A construction site in Spain last year accidentally uncovered the remains of a 14th century mansion that once housed a chocolate factory. The factory helped make renowned Clemente Guardia chocolates, according to Smithsonian Magazine.

Located in Barcelona, the archaeological site was under the care of the Barcelona Archaeological Service, which released a statement earlier this month with current updates concerning the dig.

Over 600 years of history

Archaeologists didn’t realize they had a 14th century mansion on their hands when it was found. According to the Barcelona Archaeological Service, the current estate dates back to the 19th century, during which time it was used as a chocolate factory.

But by investigating the surrounding area, archaeologists were able to find arches, doors and walls that date back to the 14th century, according to Smithsonian Magazine.

Archaeologists were able to figure out the owner of the 14th century mansion, known as the Pia Almoina, thanks to documentation, per Barcelona Archaeological Service.

The Pia Almoina was another name for the Cathedral poorhouse of Barcelona, which in the 14th century started buying more land that would depend on sharecropping and waged labor in order to make a profit, per the journal Mediterranean Studies.

During the 15th and 16th centuries, the mansion was converted to the hostel “Hostal de Sant Pere” before it got divided into three separate properties in the 18th century, one of which was later used in part for the chocolate factory, per Smithsonian Magazine.

Currently, archaeologists have found ceramic tongs, large containers and lead plates that would’ve been used to brand the chocolate with the name Clemente Guardia, per Barcelona Archaeological Service.

Spain’s rich history of chocolate making

Clemente Guardia had its start in the early 1800s, with newspapers like La Vanguardia stating that the chocolates were sent to every corner of the Spanish empire, including territories.

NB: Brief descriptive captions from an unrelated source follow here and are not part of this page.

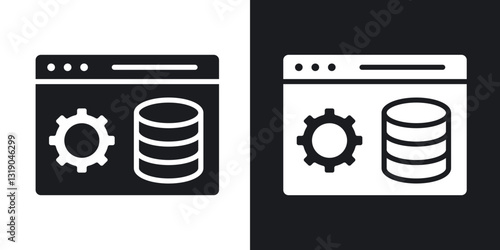 Backend icons in solid black and white collection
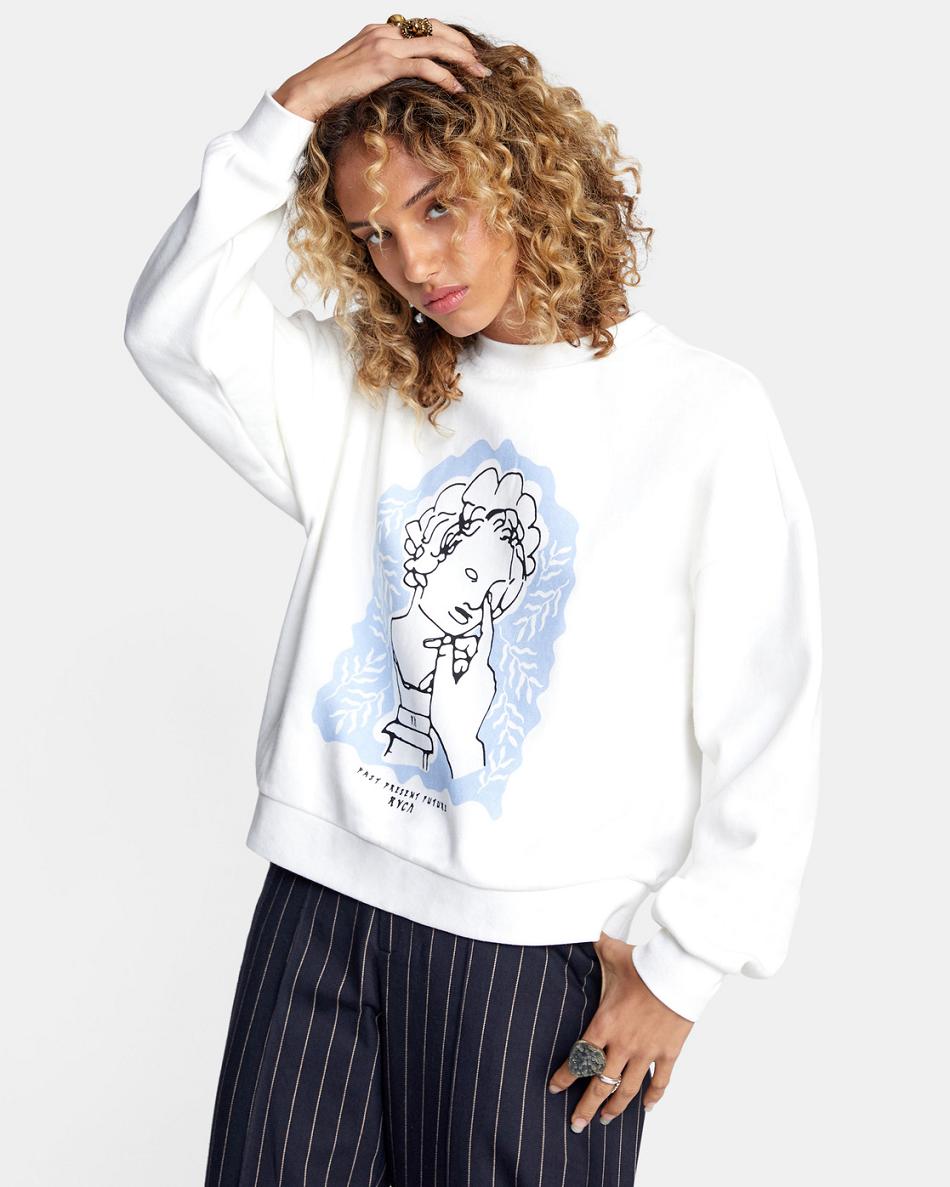 Vintage White Rvca Renaissance Crewneck Sweater Women's Hoodie | USJZR90171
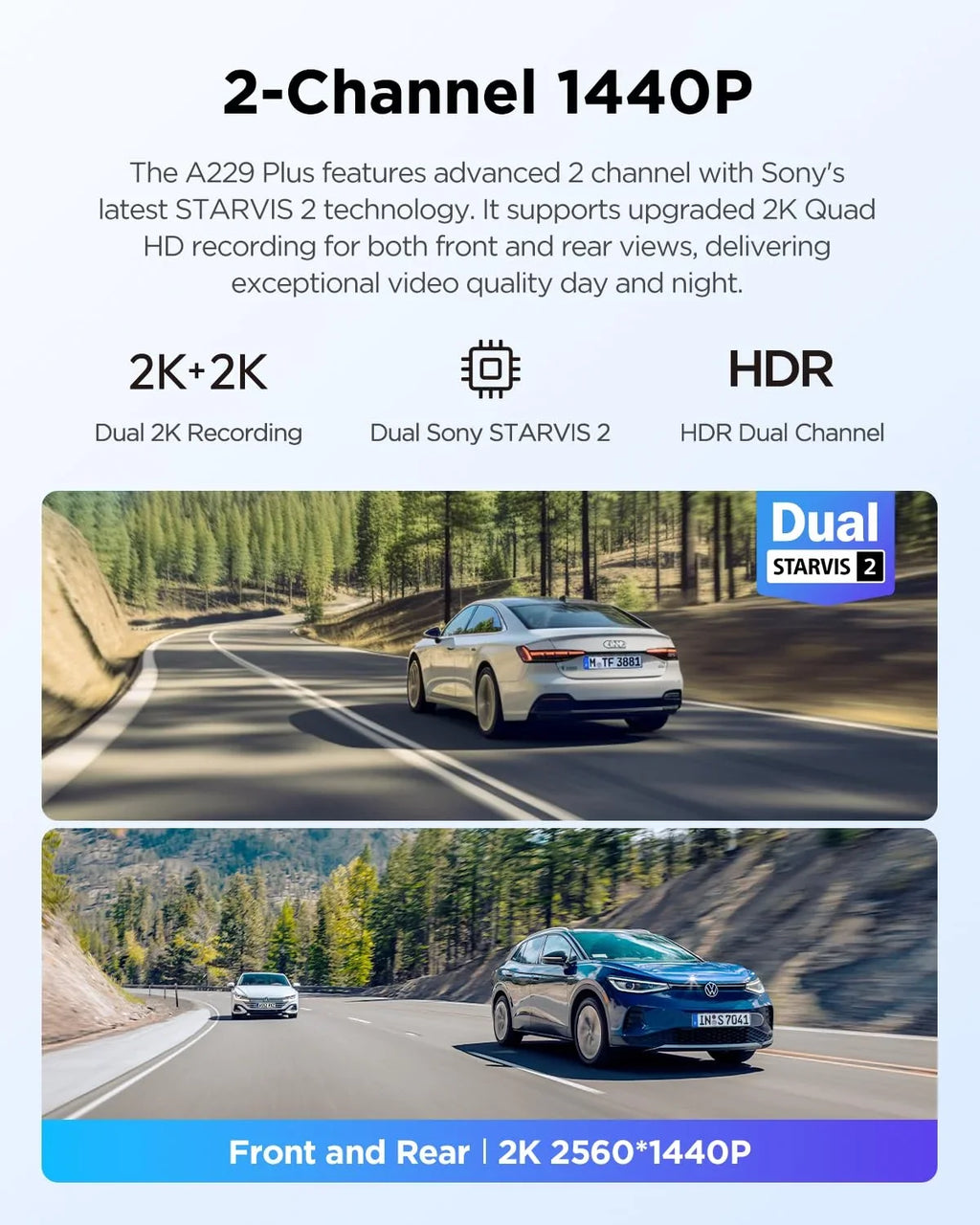 Plus 2CH Dashcam with , Dual  2 Sensors, 1440P+1440P Front Rear 1.87 lb Camera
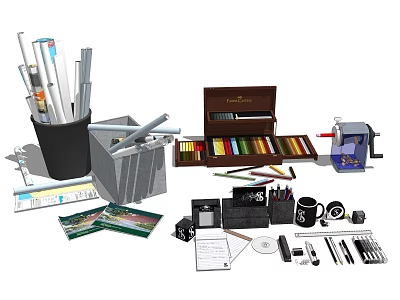 Complete Office Stationery Set With Pens Folders Ink Cartridges Printer Paper And Mug 3d model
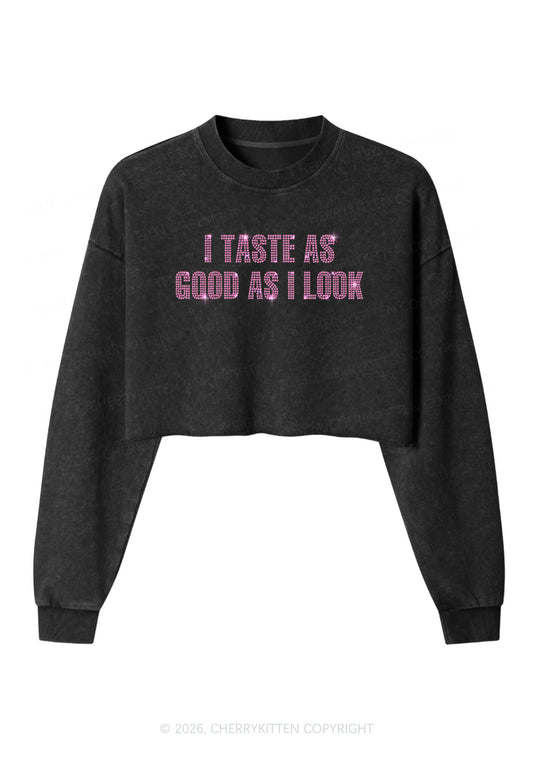 Rhinestone Taste Good Y2K Crop Washed Sweatshirts Cherrykitten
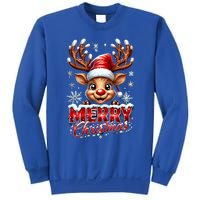 Cute Christmas Reindeer Holiday Santa Hat And Snowflakes Gift Sweatshirt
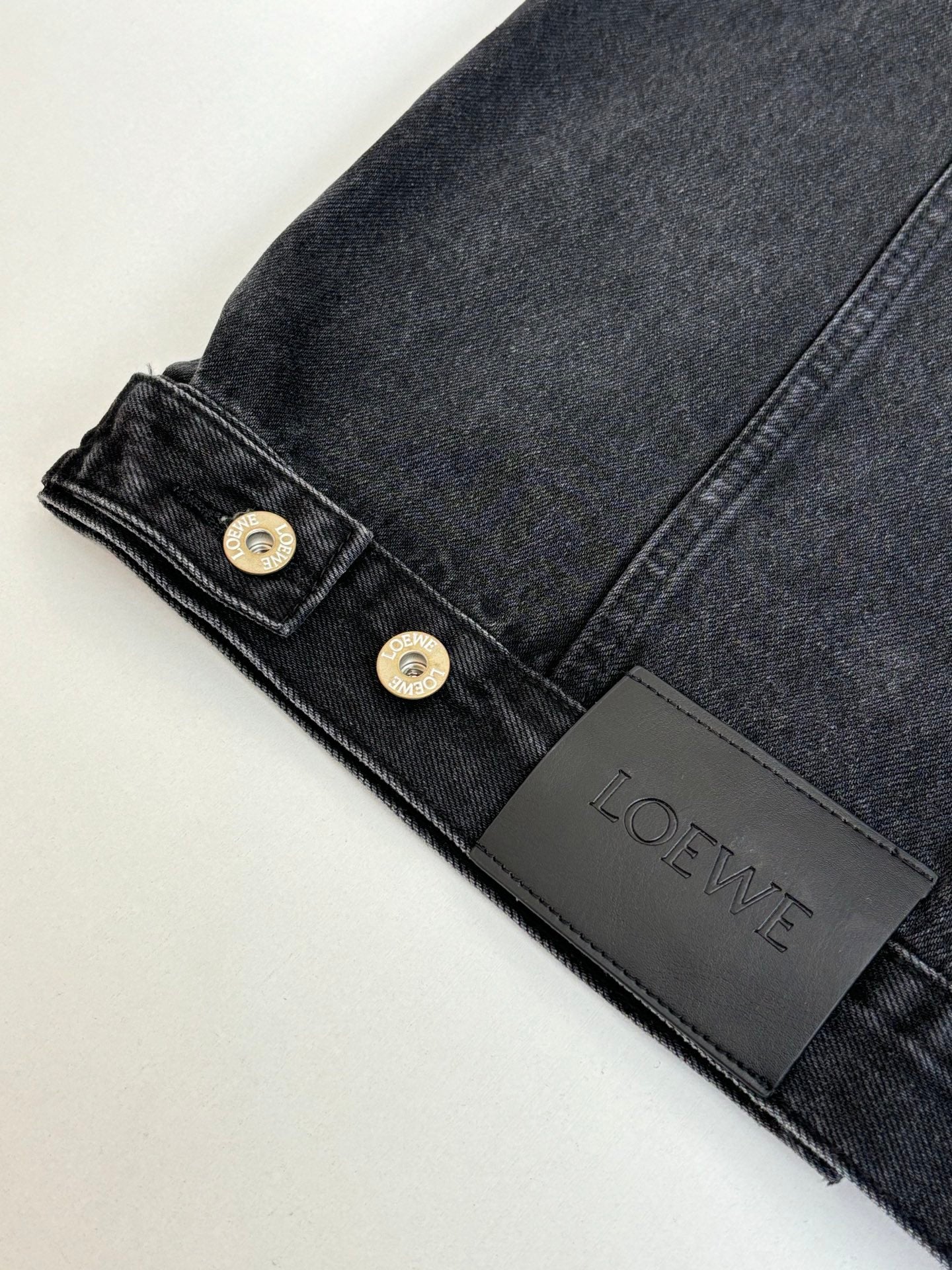 Loewe Embroidered Washed Distressed Denim Jacket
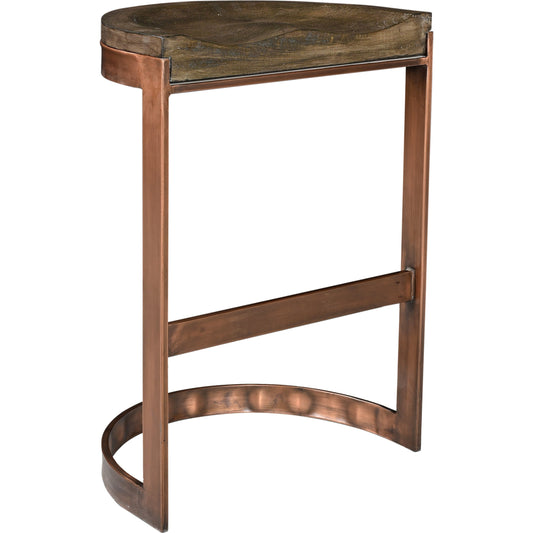 Bancroft Counter Stool by Moe's Home Collection in gray and matt lacquer, water-based stain. Made from solid mango wood, iron base, metal in a modern style.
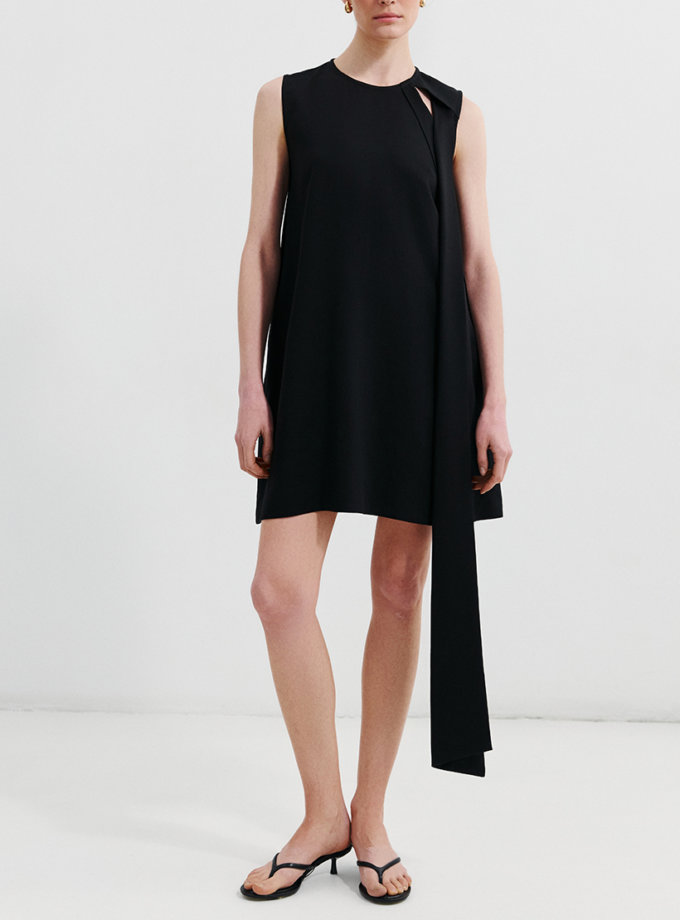 Міні-сукня з тенселу з кишенями та декоративною стрічкою L.A.B BY TERNOVSKAYA (LAB_SS2515)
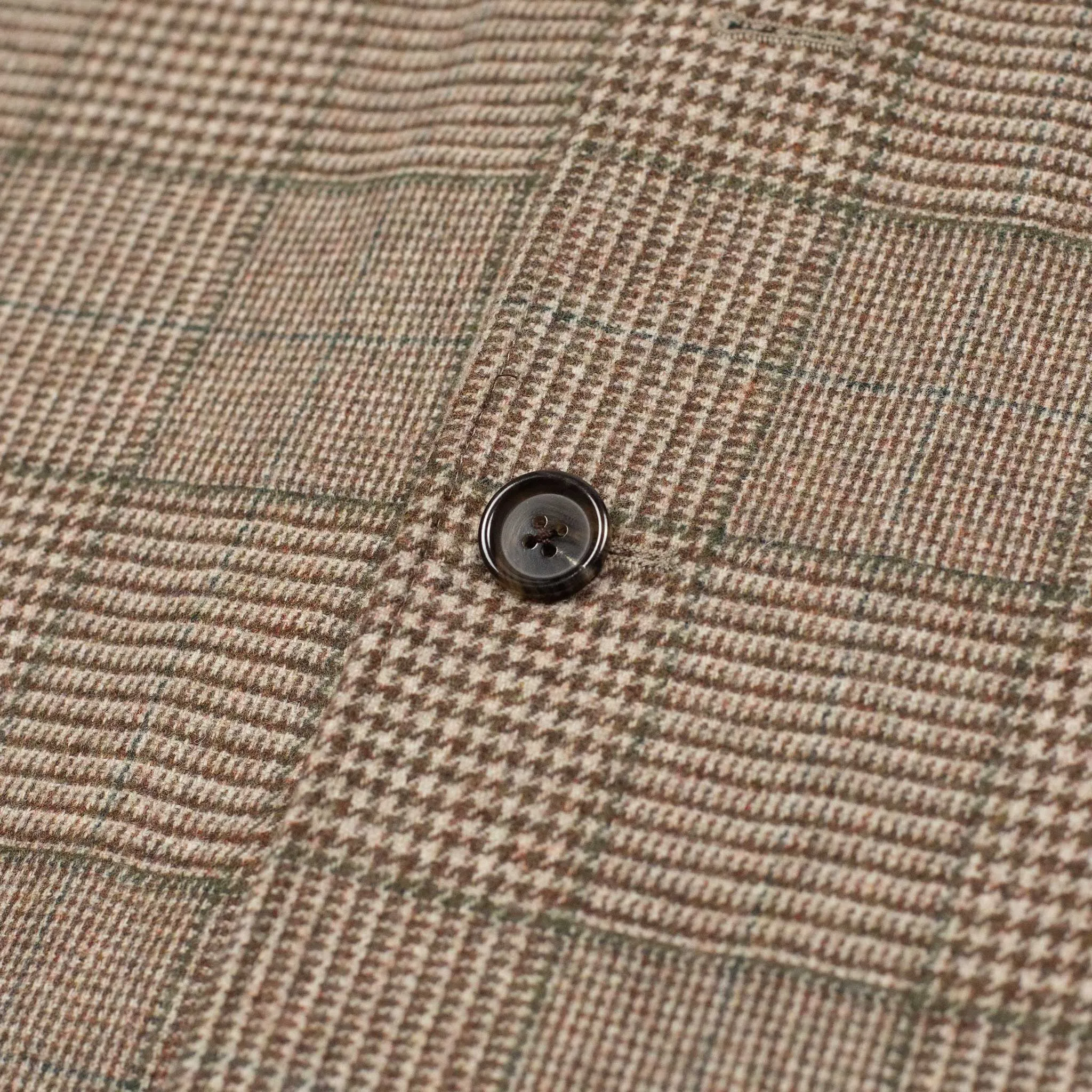 x Sartoria Carrara x Fox : chore jacket in deadstock Cream Brown and Green glenplaid wool flannel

The chocolate company was known to have “chocolates a la vainilla” (a type of chocolate drink, according to Nestle’s website) and “chocolates a la piedra” (a chocolate bar meant for making hot chocolate) made at particular mills, per La Vanguardia in 1893.

Spain first received chocolate when Spanish explorers or conquistadors returned from the New World in 1528, but the chocolate drink the Spanish explorers brought back wasn’t well received at first. It wasn’t until a group of nuns decided to sweeten chocolate beverages with sugar that it finally became popular, according to the Alimentarium Museum in Switzerland.

Chocolate soon rose to fame after this. According to the Alimentarium Museum, chocolate was considered a high-quality beverage in Spain by the end of the 16th century and became more lucrative than tea or coffee. In the 17th century, all of Europe had chocolate as a prized possession.